1. Field of the Invention
This invention relates to heat exchangers and mounting structures therefor. In one of its aspects, the invention relates to a mounting structure for a ceramic rotary heat exchanger.
2. State of the Prior Art
Incineration of combustible fumes is a problem currently facing many industries such as lithography, smoke houses, paint shops, etc. It has been found that combustion of these fumes at the present time is the most effective way to eliminate the fumes from these industrial processes although the cost of fuel for such incineration has been considerable. Efforts have been made to more completely recoup the heat enegy required to raise the fume and air mixture to incineration temperatures. For example, see U.S. Pat. No. 3,706,455 to Charles B. Gentry for FUME INCINERATION, and U.S. Pat. No. 3,670,667 to William A. Phillips for INCINERATION WITH EXTENDED HEAT EXCHANGE SURFACE.
It has been proposed to use a rotary heat exchanger to recover the heat from hot exhaust gases for preheating the fume-containing gases which are to be incinerated. Rotary regenerators have been used for many years for recuperating heat from hot gases. In recent years, special ceramic materials have been developed for use in these rotary regenerators. The ceramic materials have a very low coefficient of expansion and find particular utility in the automotive field in connection with turbine engines. An example of such ceramic material is Cer-Vit material which is manufactured and sold by Owens-Illinois of Toledo, Ohio.
Some of the ceramic heat exchanger structures have been of the radial flow type in that the gases flow radially through a cylindrical body. Thus, the passages extend radially through the cylindrical body. Such a heat exchanger is disclosed in the U.S. Pat. No. 2,598,182 to Kolb. In the Kolb heat exchanger structure, the cylindrical heat exchanger is supported at the edges thereof by annular bearings. The bearings are provided both on the "hot side" and the "cold side" of the heat exchanger and provisions can be made for circulating cooling air through chambers adjacent to the bearing structure. The bearing structure is metallic and has a greater coefficient of expansion than does the ceramic heat exchanger material. Accordingly, thermal stresses of a radical nature may be experienced by the relatively thermally stable ceramic core due to thermal expansion of the bearing members.

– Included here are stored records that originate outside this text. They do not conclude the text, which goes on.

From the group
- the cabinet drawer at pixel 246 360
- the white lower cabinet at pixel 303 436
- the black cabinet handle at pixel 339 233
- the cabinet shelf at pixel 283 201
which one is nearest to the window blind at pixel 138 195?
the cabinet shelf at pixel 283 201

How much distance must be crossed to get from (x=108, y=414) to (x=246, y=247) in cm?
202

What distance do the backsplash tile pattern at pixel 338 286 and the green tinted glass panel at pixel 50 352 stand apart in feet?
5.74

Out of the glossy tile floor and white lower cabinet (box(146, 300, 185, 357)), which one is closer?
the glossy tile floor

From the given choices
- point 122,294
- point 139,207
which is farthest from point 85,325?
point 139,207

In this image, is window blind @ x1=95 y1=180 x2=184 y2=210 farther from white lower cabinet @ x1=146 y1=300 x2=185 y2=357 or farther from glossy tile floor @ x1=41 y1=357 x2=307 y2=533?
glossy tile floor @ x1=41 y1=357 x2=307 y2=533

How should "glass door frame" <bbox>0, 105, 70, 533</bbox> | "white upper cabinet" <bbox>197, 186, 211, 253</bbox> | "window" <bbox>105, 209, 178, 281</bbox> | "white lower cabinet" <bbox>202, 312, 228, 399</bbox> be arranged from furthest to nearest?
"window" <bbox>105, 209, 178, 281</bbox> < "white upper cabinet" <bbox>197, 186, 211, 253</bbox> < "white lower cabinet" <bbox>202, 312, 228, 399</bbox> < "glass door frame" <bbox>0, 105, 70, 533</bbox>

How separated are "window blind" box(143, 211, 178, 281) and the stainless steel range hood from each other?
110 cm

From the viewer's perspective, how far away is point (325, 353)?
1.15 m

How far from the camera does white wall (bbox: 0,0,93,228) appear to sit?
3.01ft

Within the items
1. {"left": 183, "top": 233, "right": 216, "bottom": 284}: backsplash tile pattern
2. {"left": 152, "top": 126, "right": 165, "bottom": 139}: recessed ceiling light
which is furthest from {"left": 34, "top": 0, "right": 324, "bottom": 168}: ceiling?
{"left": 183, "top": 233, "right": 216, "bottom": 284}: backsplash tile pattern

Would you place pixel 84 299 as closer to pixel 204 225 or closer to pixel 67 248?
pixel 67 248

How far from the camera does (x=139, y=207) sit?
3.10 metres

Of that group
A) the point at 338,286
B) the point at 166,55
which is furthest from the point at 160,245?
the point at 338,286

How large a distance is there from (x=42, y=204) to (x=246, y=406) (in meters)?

In other types of rotary heat exchangers, the gases pass axially through the ceramic core. The heat exchanger wheel is mounted for rotation about a central axis. In some cases the heat exchanger is supported at the peripheral face thereof and the rotational forces are applied to the peripheral face of the heat exchanger. Such a drive mechanism is disclosed in the U.S. Pat. No. 3,456,518 to Topouzian. In such drive mechanisms, sealing of the periphery of the heat exchanger may be a problem.

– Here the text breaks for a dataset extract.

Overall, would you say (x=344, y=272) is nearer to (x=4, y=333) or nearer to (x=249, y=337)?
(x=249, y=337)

MOre conventionally, it is desirable to support the ceramic core in a central portion and apply the drive to the central core mounting. However, differences in thermal expansion characteristics of the mounting structure and the ceramic heat exchanger wheel may cause failure of the wheel. Whereas the ceramic material is relatively strong under compression, it is realtively weak in tension. In order to obtain the required strength to mount and rotate the wheel, strong metals, such as steel, are used to mount the heat exchanger wheel. If the heat exchanger wheels are conventionally mounted on the metal mounting shafts, expansion of the metal mounting shafts due to heat may cause cracking and failure of the ceramic heat exchanger wheel.

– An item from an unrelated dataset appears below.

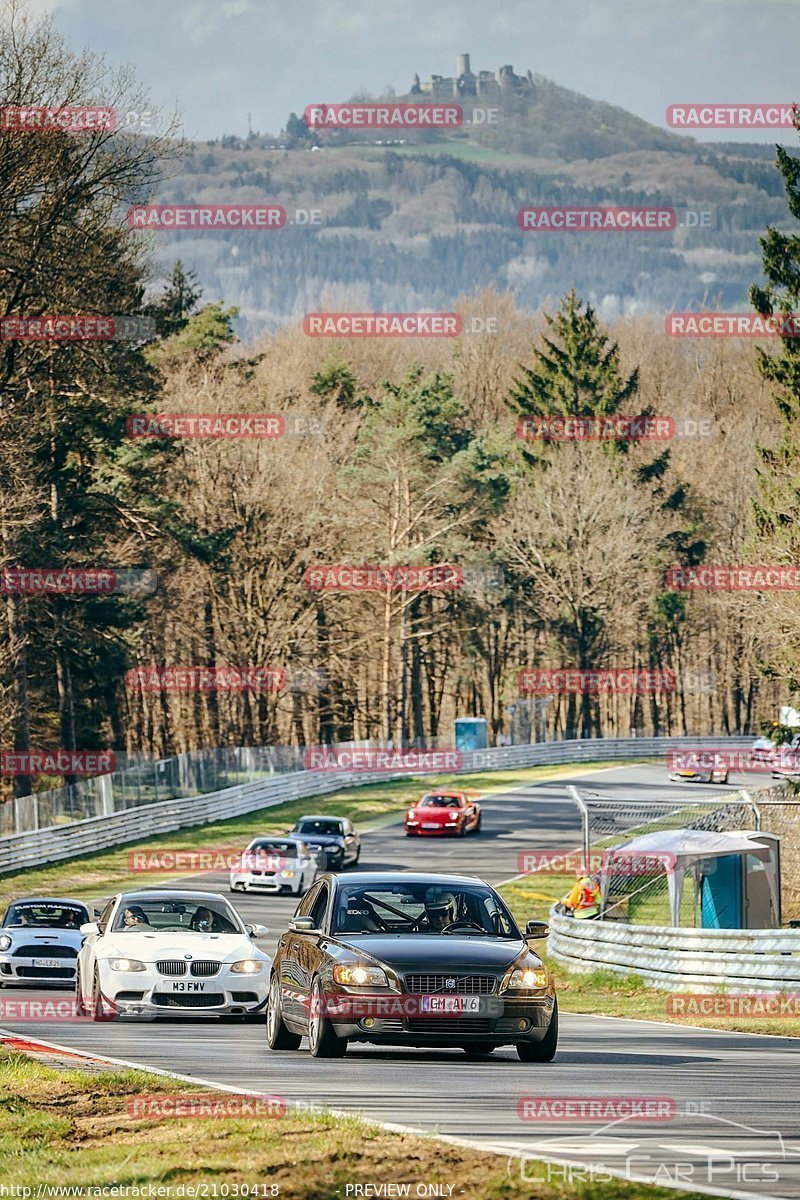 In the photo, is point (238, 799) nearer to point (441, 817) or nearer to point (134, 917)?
point (441, 817)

Another problem with mounting the ceramic heat exchanger on a central support is that the bearings which support the rod usually have a relatively short life. Conventionally, bearings have been mounted on each side of the heat exchanger. The bearing on the "hot side" of the heat exchanger is subject to seizing as a result of the intense heat that builds up in the bearing. This is especially true for heat exchangers for hotter gases as in incinerators, for example, where the temperature may reach 1600.degree.F.
Bracken, Jr. et al in U.S. Pat. No. 3,476,173 discloses a rotary ceramic heat exchanger wheel mounted on a central support shaft which is journaled in a bearing structure including a pair of bearings mounted at the cool side of the heat exchanger. The wheel mounting structure includes a hub which is driven by the central shaft with the hub having a plurality of fingers extending into recesses in the central part of the ceramic heat exchanger wheel. The fingers are secured to pads within the recesses to evenly distribute the load between the hub and the heat exchanger wheel. Clearance is maintained between the fingers of the hub and the ceramic wheel with the pads filling the space between the fingers and the wheel. Although the bearings are positioned on the cool side of the heat exchanger wheel, they still may have a tendency to overheat.